London: a truly European city, a magnet for talented musicians, where foreign and local composers and performers thrived in an open and forward looking free market of public concerts and theatres. 18th-century London was undoubtedly an exciting place of opportunity for musicians and audiences alike, and what better group to explore the richness of this world than the European Union Baroque Orchestra, performing in the Bolzano Music festival in Italy.
EUBO is a training group for post-conservatoire students from across the continent, directed by Lars Ulrik Mortensen, with support from other leading baroque specialists – this evening they were led by violinist Bojan Čičić. Mortensen’s energetic and characterful direction from the harpsichord inspired a rich, colourful sound, with gracefully arching phrases: there was nothing flashy, just elegant, tasteful playing, particularly in the lightly scored passages, and a surprisingly strong bass sound when required.
Italian musicians were particularly welcomed in London; Italian opera sung by Italian superstar singers was the height of fashion, and other musicians found that the city offered better opportunities than could be found in careers as court or church musicians back home. Two of these were oboist Giuseppe Sammartini and violinist Francesco Geminiani; the latter had the additional advantage of having been a student of Corelli whose concerti grossi were loved by London audiences. Geminiani’s Concerto Grosso in G minor showed the composer’s skill as a violinist, with Čičić bringing out lots of character in the elaborate solos. The concerto grosso format seemed to work particularly well for EUBO, giving scope for lots of nice interplay between the solo and ripieno groups – big smiles and eye-contact across the orchestra made them a joy to watch.
Although an oboist, Sammartini’s most famous work is probably his Recorder Concerto in F major, a delightfully sunny work that shows the emergence of the new galant style that led the transition from Baroque to classical. Soloist Jan van Hoecke gave a relaxed and unfussy performance: he studied with Dan Laurin, but thankfully doesn’t appear to share his teacher’s taste for excessively pyrotechnical ornamentation. Mortensen and the orchestra gave the last movement a gorgeously weighted one-in-a-bar swing, that contrasted nicely with van Hoecke’s delicate execution in the filigree trill passages and ended in a really fiery Italian mood. The Siciliano slow movement was one of the highlights of the evening: van Hoecke dropped his cool and infused this movement with real passion, culminating in his final improvised cadenza, and the orchestra caught his mood beautifully.

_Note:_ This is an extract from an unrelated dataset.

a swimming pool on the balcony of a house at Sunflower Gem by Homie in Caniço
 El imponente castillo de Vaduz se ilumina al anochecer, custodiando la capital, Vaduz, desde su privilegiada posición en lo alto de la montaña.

The British composers of the 18th century have long been overshadowed by the foreigners, but recently seem to be enjoying a revival: I had certainly never heard of William Babell before tonight’s concert, but his Recorder Concerto in D major was a delightful little piece that nicely combined English and Italian styles, particularly in the final Allegro. The only problem with this, and the Sammartini, was that the orchestra were a little too large against the recorder: van Hoecke was often drowned in the tutti passages and occasionally fought too hard to make himself heard. A band of half the size would have provided a better balance.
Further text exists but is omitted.